À près de quarante ans, Keseul Belizaire appartient à la 25ᵉ promotion de la Police nationale d’Haïti (PNH). Pourtant, son parcours dépasse le cadre traditionnel du métier de policier.
En effet, il combine trois engagements : la sécurité publique, la recherche universitaire et la création artistique. Dans une interview accordée à Vant Bèf Info (VBI), il explique que ces domaines ne s’opposent pas.
Au contraire, ils se complètent.
« On peut porter l’uniforme pour protéger l’ordre public tout en utilisant les mots pour éveiller les consciences », affirme-t-il.
Une réalité sécuritaire complexe
Actuellement, Keseul Belizaire est affecté à l’Unité départementale de maintien de l’ordre (UDMO). Sur le terrain, les défis restent nombreux.
D’une part, la violence armée continue d’augmenter dans plusieurs zones du pays. D’autre part, l’influence des gangs complique souvent les interventions policières.
Dans ce contexte, l’image de la police se trouve parfois fragilisée par des accusations de collusion avec certains groupes armés. Toutefois, Belizaire insiste sur l’engagement de nombreux policiers.
Selon lui, beaucoup d’agents restent profondément attachés à leur mission première : protéger la population.
Des bases solides dans l’éducation
Avant d’intégrer la police, Keseul Belizaire s’est distingué par un parcours scolaire sérieux.
Il réalise ses études secondaires au Lycée national de Carrefour-Feuilles, de la classe de troisième jusqu’à la philosophie.
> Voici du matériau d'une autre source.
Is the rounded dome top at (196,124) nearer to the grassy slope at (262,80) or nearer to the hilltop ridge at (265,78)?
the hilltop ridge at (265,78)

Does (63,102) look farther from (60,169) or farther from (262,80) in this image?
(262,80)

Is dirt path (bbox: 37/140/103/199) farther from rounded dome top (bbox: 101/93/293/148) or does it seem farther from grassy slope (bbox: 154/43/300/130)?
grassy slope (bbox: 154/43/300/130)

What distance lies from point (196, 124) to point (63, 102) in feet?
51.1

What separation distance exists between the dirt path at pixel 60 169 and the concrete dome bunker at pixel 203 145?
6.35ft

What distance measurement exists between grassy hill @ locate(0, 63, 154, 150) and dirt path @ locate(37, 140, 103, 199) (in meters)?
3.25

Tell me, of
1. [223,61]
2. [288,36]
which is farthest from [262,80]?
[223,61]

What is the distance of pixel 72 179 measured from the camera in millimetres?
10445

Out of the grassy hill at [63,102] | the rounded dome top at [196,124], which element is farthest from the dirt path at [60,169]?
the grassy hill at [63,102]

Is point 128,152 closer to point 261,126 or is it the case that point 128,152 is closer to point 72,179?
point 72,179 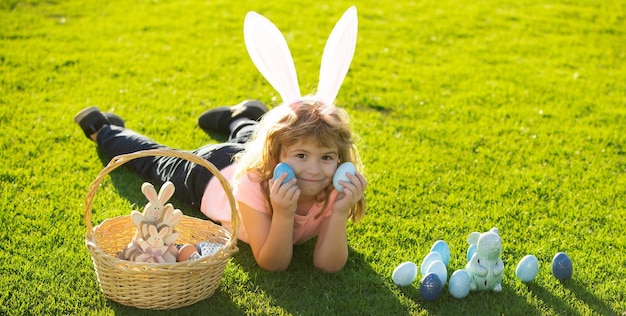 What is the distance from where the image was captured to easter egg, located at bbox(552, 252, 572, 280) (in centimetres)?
340

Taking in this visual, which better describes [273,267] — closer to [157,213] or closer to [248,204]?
[248,204]

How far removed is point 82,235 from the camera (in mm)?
3635

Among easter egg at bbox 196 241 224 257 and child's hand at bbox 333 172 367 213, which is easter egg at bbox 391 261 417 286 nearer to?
child's hand at bbox 333 172 367 213

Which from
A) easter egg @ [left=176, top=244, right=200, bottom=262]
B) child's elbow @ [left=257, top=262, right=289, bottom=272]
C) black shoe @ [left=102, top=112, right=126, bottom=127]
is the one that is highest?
easter egg @ [left=176, top=244, right=200, bottom=262]

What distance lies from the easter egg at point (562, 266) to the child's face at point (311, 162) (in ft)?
3.56

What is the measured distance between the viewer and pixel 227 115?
4945 mm

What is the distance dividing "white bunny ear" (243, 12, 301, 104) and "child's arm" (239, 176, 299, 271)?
0.45 metres

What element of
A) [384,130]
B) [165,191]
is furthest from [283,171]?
[384,130]

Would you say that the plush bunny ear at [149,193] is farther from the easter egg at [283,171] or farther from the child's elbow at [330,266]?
the child's elbow at [330,266]

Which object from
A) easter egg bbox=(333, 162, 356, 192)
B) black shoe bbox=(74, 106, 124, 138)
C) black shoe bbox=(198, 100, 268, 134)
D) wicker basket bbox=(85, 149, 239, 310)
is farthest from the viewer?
black shoe bbox=(198, 100, 268, 134)

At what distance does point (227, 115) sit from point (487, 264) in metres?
2.29

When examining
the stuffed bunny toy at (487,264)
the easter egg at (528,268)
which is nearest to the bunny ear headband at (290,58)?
the stuffed bunny toy at (487,264)

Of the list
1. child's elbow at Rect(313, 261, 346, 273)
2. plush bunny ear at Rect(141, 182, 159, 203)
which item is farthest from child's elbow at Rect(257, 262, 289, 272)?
plush bunny ear at Rect(141, 182, 159, 203)

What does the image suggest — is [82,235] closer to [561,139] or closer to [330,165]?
[330,165] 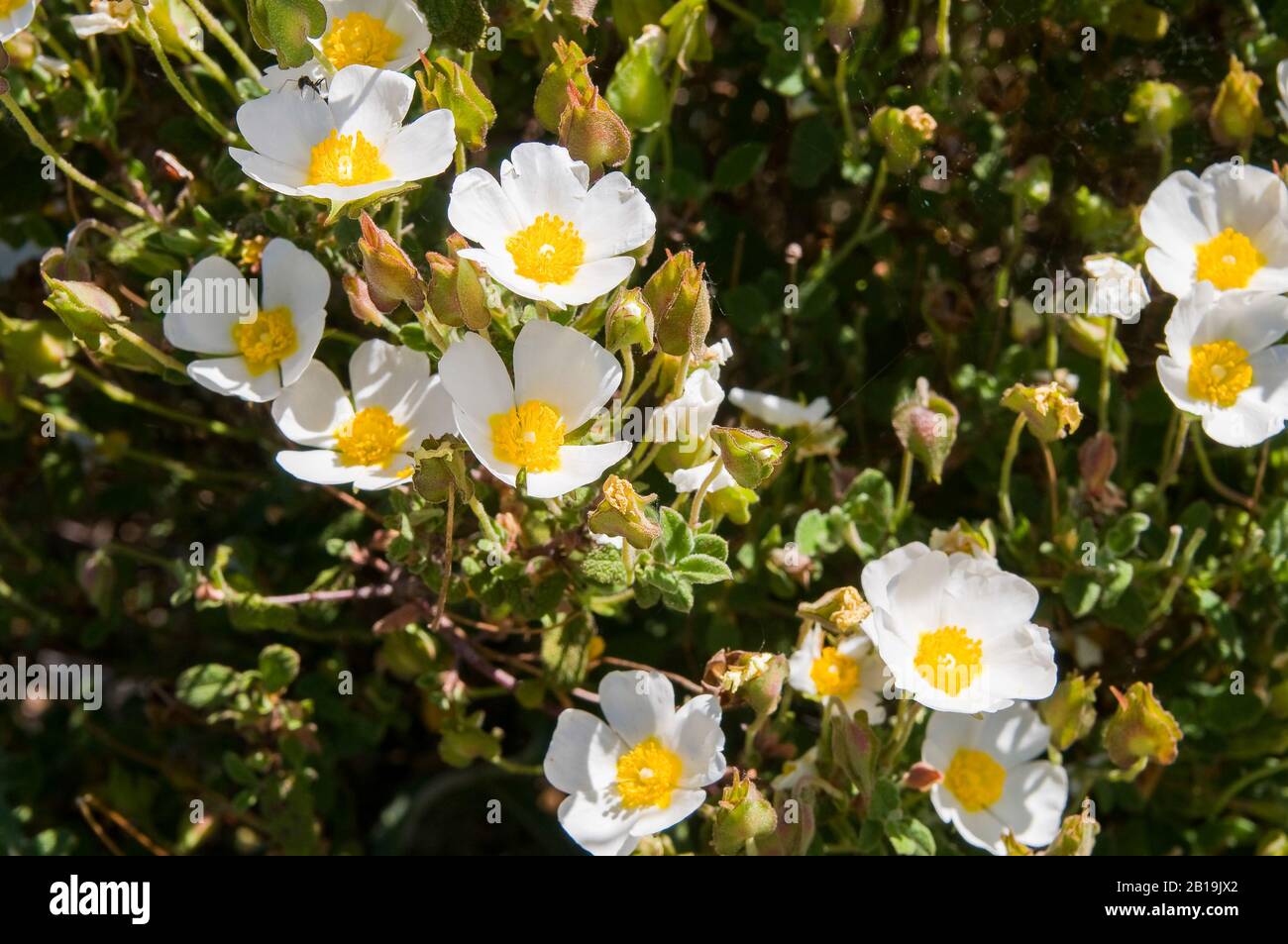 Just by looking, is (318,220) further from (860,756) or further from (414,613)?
(860,756)

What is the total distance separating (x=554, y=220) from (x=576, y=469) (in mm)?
241

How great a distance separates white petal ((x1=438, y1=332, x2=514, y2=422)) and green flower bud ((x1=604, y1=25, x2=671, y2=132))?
40cm

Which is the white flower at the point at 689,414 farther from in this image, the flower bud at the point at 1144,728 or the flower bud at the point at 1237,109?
the flower bud at the point at 1237,109

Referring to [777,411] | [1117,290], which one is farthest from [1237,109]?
[777,411]

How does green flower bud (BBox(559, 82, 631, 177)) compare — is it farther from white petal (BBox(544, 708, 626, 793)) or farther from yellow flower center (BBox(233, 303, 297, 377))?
white petal (BBox(544, 708, 626, 793))

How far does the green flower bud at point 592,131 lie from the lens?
1.11 metres

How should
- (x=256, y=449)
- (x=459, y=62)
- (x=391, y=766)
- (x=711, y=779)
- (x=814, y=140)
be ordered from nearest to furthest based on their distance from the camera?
(x=711, y=779)
(x=459, y=62)
(x=814, y=140)
(x=256, y=449)
(x=391, y=766)

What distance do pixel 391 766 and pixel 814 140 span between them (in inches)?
47.5

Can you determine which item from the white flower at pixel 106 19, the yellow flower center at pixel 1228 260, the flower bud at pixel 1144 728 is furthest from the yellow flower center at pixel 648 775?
the white flower at pixel 106 19

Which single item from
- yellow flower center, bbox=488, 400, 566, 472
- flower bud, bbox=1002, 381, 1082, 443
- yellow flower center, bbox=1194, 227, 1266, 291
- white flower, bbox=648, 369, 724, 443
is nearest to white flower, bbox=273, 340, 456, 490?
yellow flower center, bbox=488, 400, 566, 472

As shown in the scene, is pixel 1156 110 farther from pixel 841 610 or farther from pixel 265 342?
pixel 265 342

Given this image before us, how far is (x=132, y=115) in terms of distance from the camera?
1601 millimetres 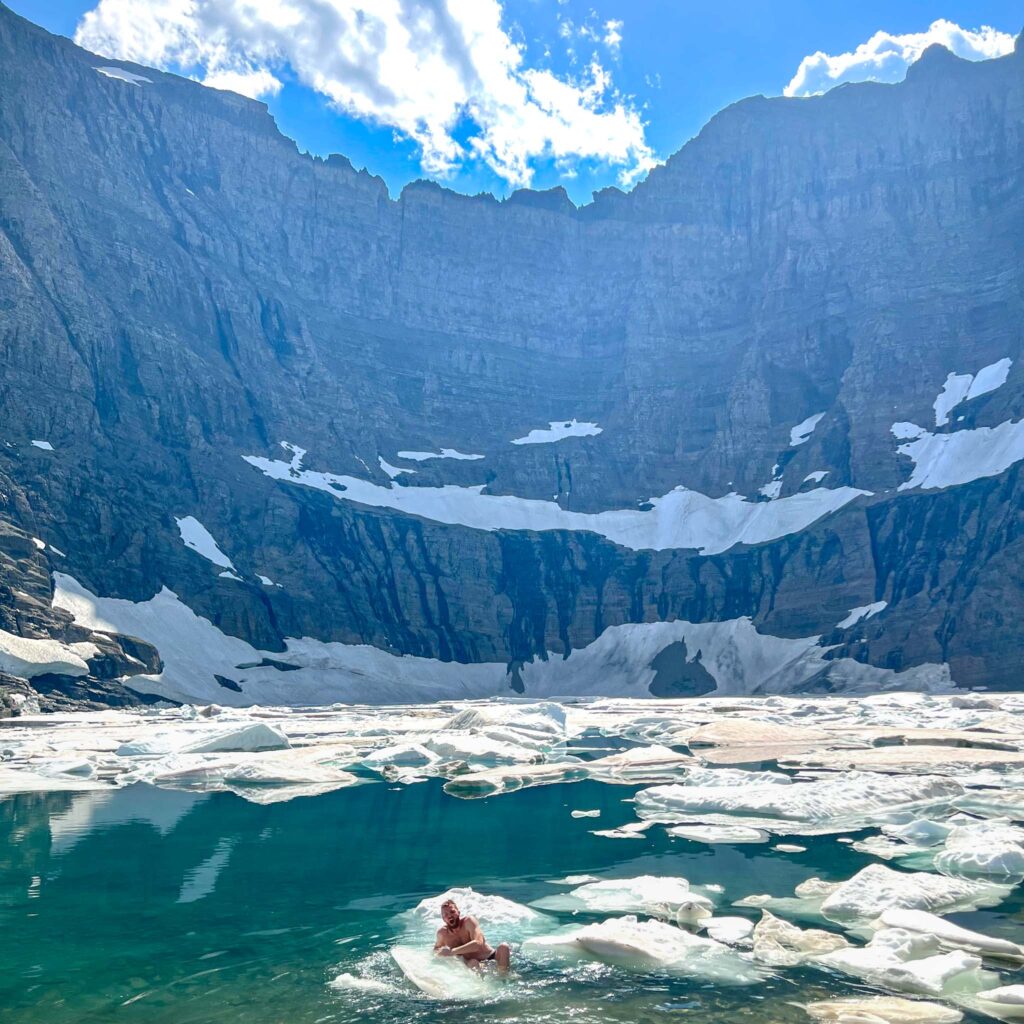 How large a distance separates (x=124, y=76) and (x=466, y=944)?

Durant ces années, il développe un intérêt marqué pour les débats d’idées et les questions sociales.
Par la suite, il poursuit ses études à l’Université Notre-Dame d’Haïti (UNDH). Il étudie au sein de la Faculté des sciences économiques, sociales et politiques.
Il y obtient une licence en sciences politiques et relations internationales. Cette formation lui permet de mieux comprendre les dynamiques politiques et sociales du pays.
Aujourd’hui, il poursuit sa formation académique. En effet, il entame un master en sciences du développement afin de relier la recherche universitaire aux défis auxquels fait face Haïti.
La poésie comme moyen d’expression
En parallèle de sa carrière policière, Keseul Belizaire s’illustre également dans le slam.
Sur scène, il transforme ses réflexions en poésie engagée. Ses textes abordent souvent l’espoir, les injustices sociales et les luttes quotidiennes du peuple haïtien.
Parmi ses créations les plus marquantes figurent :
« Belle Soleil », une ode à la résilience ;
« Regardez », un appel à la société pour affronter ses contradictions ;
« Pouki », une interrogation sur les crises qui traversent la société haïtienne.
Ainsi, la poésie devient pour lui un moyen d’interpeller la société et d’encourager la réflexion collective.
Une autre image de la police
L’association entre uniforme et poésie peut surprendre. Pourtant, pour Keseul Belizaire, cet équilibre reste naturel.
Selon lui, la police protège les citoyens sur le plan physique. La poésie, en revanche, agit sur le plan social et intellectuel.
« Servir la société ne se limite pas à l’action sur le terrain. Il faut aussi réfléchir et dialoguer avec la communauté », explique-t-il.
À travers son parcours, il propose une autre image de la police haïtienne. Discipline, réflexion et créativité peuvent coexister au sein de la même institution.
Dans un pays confronté à de multiples crises, son engagement rappelle qu’il existe encore des agents déterminés à faire la différence.